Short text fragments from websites
┄┄┄┄┄┄

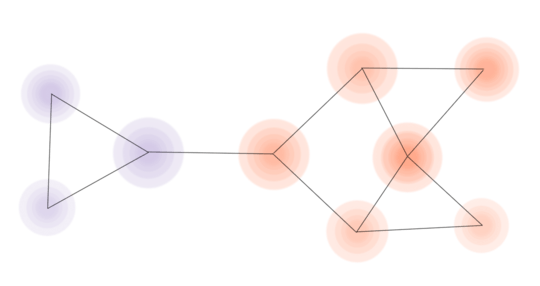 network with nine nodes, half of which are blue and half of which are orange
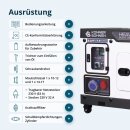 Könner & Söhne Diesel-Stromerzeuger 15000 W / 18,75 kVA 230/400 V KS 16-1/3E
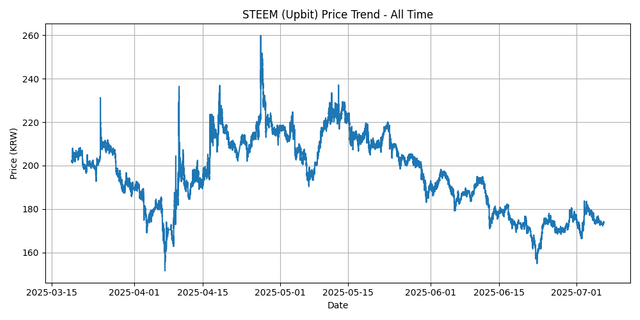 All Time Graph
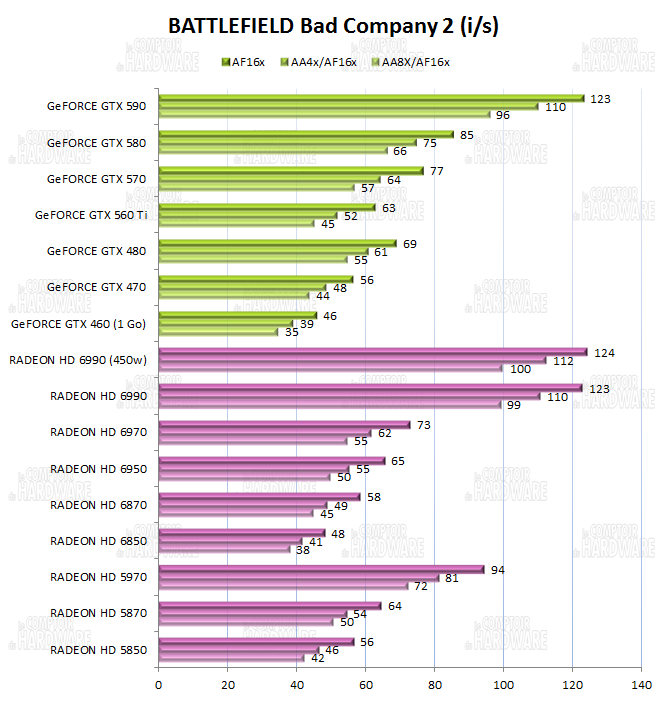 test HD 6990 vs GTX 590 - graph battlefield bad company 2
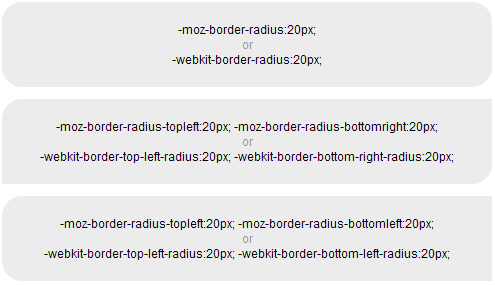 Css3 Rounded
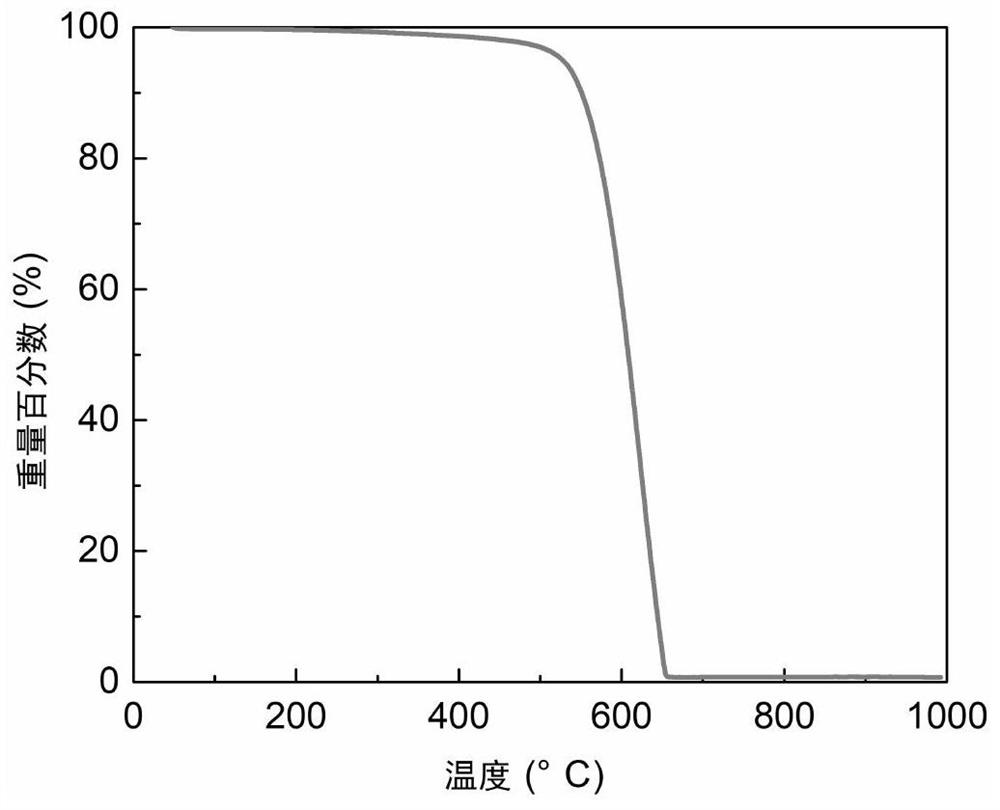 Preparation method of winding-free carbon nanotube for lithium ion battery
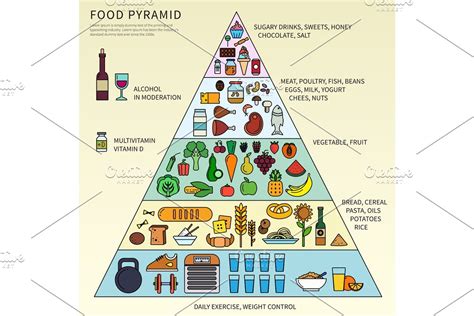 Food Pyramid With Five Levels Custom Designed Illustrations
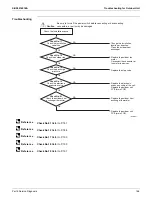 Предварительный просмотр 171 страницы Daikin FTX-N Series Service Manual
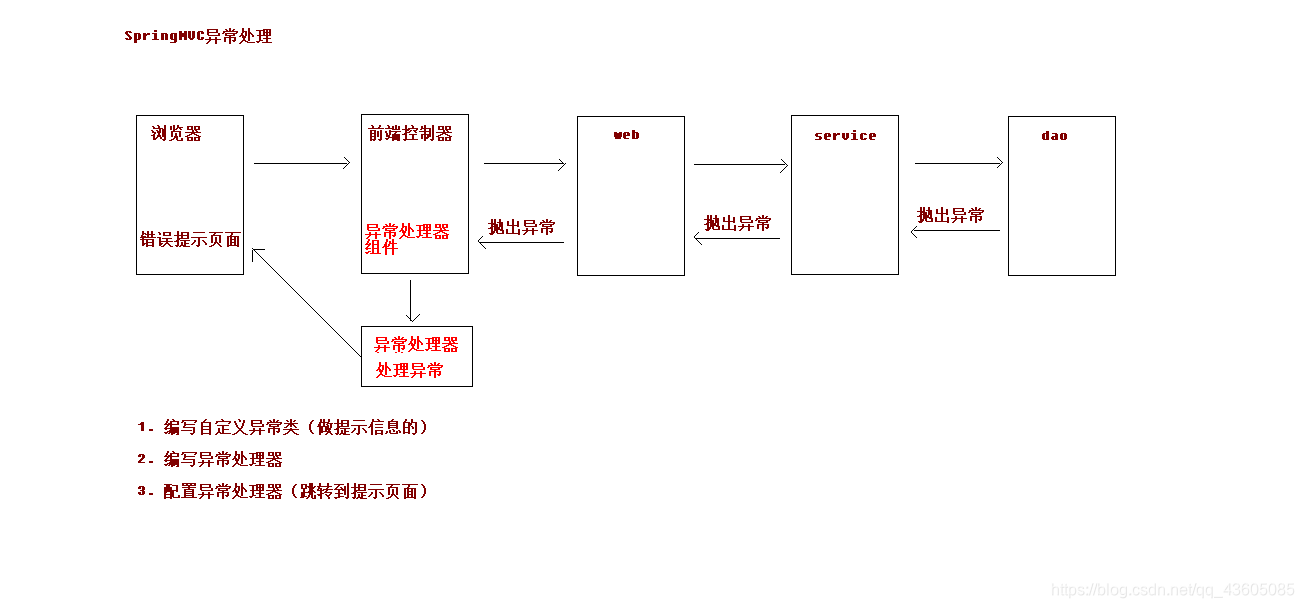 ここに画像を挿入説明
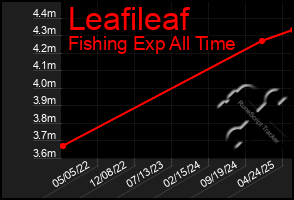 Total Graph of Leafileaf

┄┄┄┄┄┄

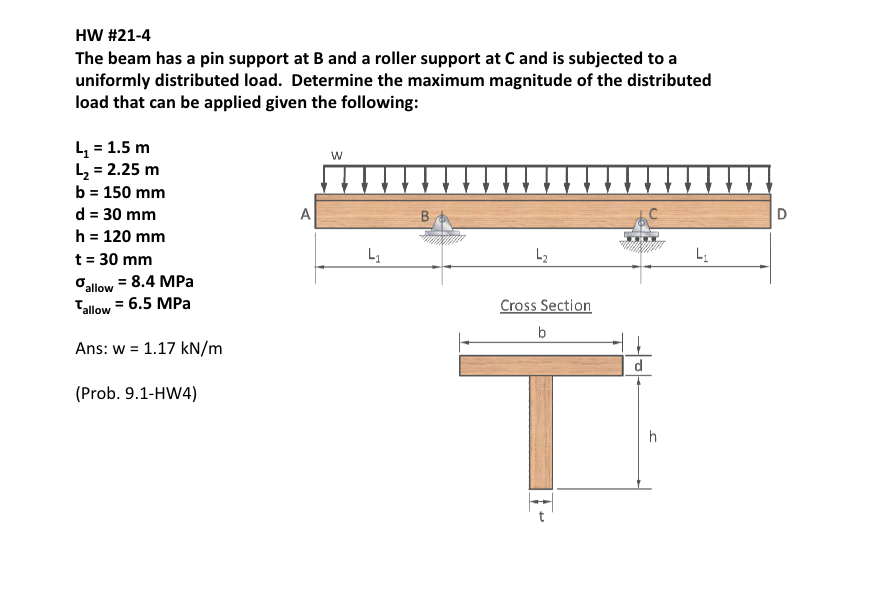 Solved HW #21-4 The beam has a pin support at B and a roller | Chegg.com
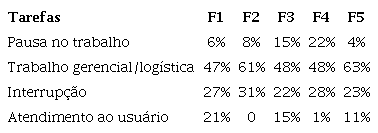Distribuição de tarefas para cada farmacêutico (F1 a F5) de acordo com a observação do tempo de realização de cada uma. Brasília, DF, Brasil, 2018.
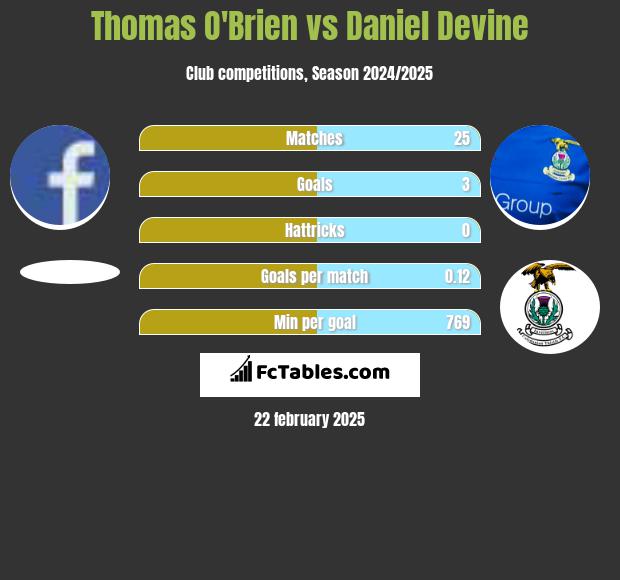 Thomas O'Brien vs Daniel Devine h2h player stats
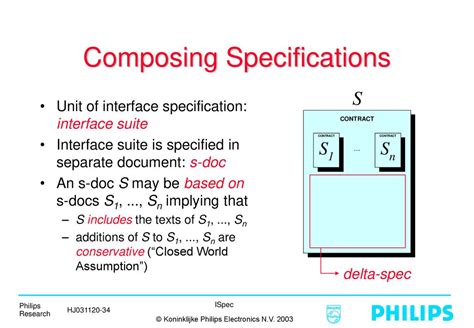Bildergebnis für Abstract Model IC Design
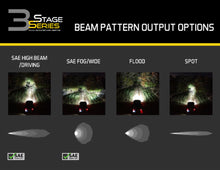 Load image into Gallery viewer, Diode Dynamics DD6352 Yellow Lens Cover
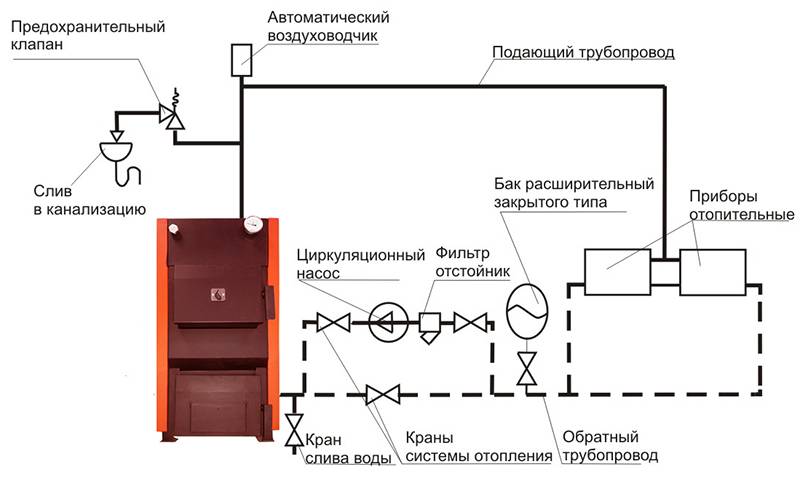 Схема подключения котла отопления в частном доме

┄┄┄┄┄┄

=== WHAT IS EXPECTED ===
All that should be printed is the run of lines above from the one with "Load image into" through the one with "Схема подключения котла", both included, exactly as given, with pictures left out.

=== RESULT OF THE TASK ===
 Load image into Gallery viewer, Diode Dynamics DD6352 Yellow Lens Cover
 Схема подключения котла отопления в частном доме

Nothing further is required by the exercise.